# Help!! i destroyed my door jam.



## mhwang82 (Aug 14, 2007)

Ok, so I accidentally destroyed my door jam and i need to replace the whole thing. The door got stuck on something and when i opened it with my shoulder the door jam exploded.It was the cheap kind of door jam, made with that cork type wood(sorry i don't know what it's called). How much will it cost to repair, and if you can point me into the right direction on how to install it?
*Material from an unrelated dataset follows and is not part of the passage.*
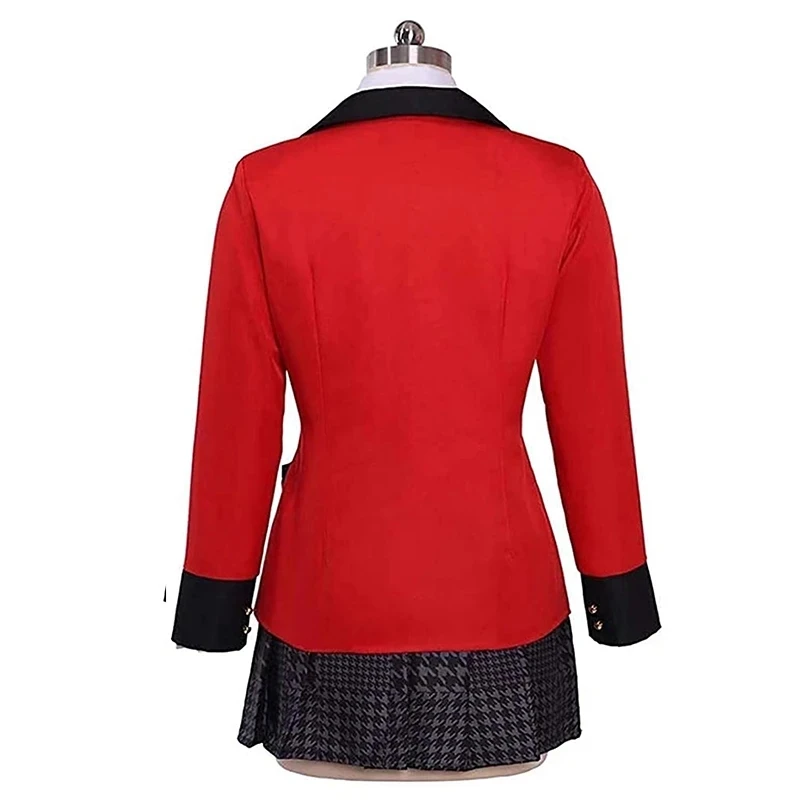 Yumeko Jabami Cosplay Kostuum  - Anime Cosplay Yumeko recensie en prijs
Any help will be appreciated, thanks.


----------



## jimioc (Nov 30, 2007)

you will need to measure the size of the jamb - go to lowes or depot - they have door jamb kits in the millwork section - if this is a newer door - you should have no problem - just remove the trim on the inside of the frame - you may also need to remove the outside trim as well - just on the broken side -  also when you buy the jamb kit - pick up some shims and long screws - i like screws - much easer to adjust - good luck
ps you may also need a sawzall to cut the nails on the old jamb


----------



## inspectorD (Dec 1, 2007)

The only thing is sometimes folks don.t have a sawzall. You can try a hacksaw blade with some tape on the end ...or the easier way is to get a nailset, find the nails and set or drive them deeper into the jamb.
Good luck.


----------



## kok328 (Dec 1, 2007)

if you don't want to have or want to buy a sawzall, you can buy an inexpensive hacksaw blade holder handle.  I prefer the type of handle that has a twist lock mechanism to recieve a sawzall handle.  Milwaukee calls is a job saw.


----------